Creating a dataloader without target values

AlJazari · July 22, 2020, 9:10pm

Hi,

I am trying to create a dataloader that will return batches of input data that doesn’t have target data.
Here’s what I am doing:

torch_input = torch.from_numpy(x_train)
torch_target = torch.from_numpy(y_train)

ds_x = torch.utils.data.TensorDataset(torch_input)
ds_y = torch.utils.data.TensorDataset(torch_target)

train_loader = torch.utils.data.DataLoader(ds_x, batch_size=128, shuffle=False)
target_loader = torch.utils.data.DataLoader(ds_y, batch_size=128, shuffle=False)

I do this because my case study assumes that the train data (x_train) and their corresponding labels (y_train) do not exist on the same device.

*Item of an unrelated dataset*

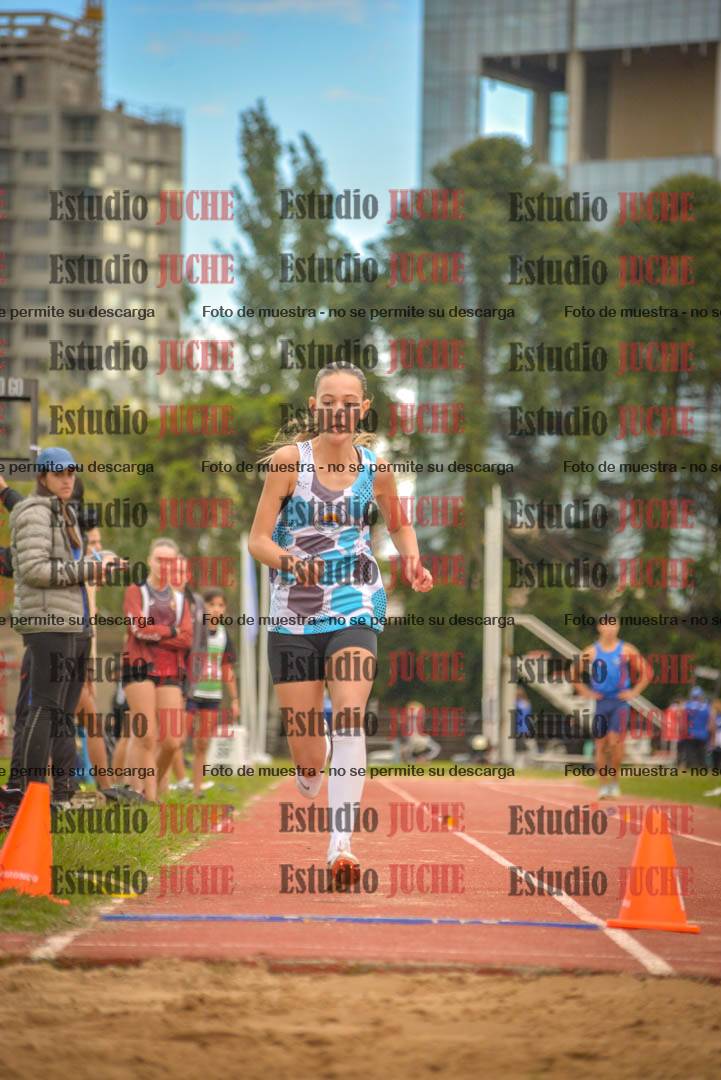 Fotos del salto en largo - mujeres U16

However, the above loaders both return lists, not Tensors, and therefore the training always fails.

For illustration purposes: grabing a single batch and printing its type returns a list:

x= next(iter(train_loader))
print(type(x))

I found out that I can index x, as x[0] to access the batch as Tensors. However, I would like to know how to do this correctly (i.e., create dataloaders from x variables, without their target).

Hmrishav_Bandyopadhy · July 23, 2020, 7:07am

Hi,

It would be simple enough if you would create a Dataset class:

from torch.utils.data import Dataset

class Dset(Dataset):

    def __init__( self , x_train , transform=True):
        
        self.transform = transform
        self.x=x_train


    def __getitem__(self , index):
         if self.trainsform:
                self.x=torch.from_numpy(self.x)
         return self.x
        

    def __len__(self):
        return len(self.x)

And then use dataloaders like:

train = Dset(x_train)
target = Dset(y_train)
batch_size=128
train_loader = DataLoader(train, batch_size=batch_size,shuffle=False)
target_loader = DataLoader(target, batch_size=batch_size,shuffle=False)

While calling them in for training, try:

for epoch in range(epochs):
       for x_ in train_loader:
           print(type(x_))
           ...

AlJazari · July 23, 2020, 5:07pm

Thank you! This seems to have solved my main issue, but using the above code made the loader very slow. Actually, if I use it inside a loop:

for epoch in range(epochs):
       for x_ in train_loader:
           print(type(x_))

This takes five seconds to print the first time, and then I get an error message that the RAM is crushed for using all available memory!

Hmrishav_Bandyopadhy · July 23, 2020, 9:11pm

Try setting num_loaders=0 in dataloader and also reducing batch size-- if you are having GPU issues. I see you are using torch.from_numpy as the transform. If it is slow, try to follow this thread to fasten that up.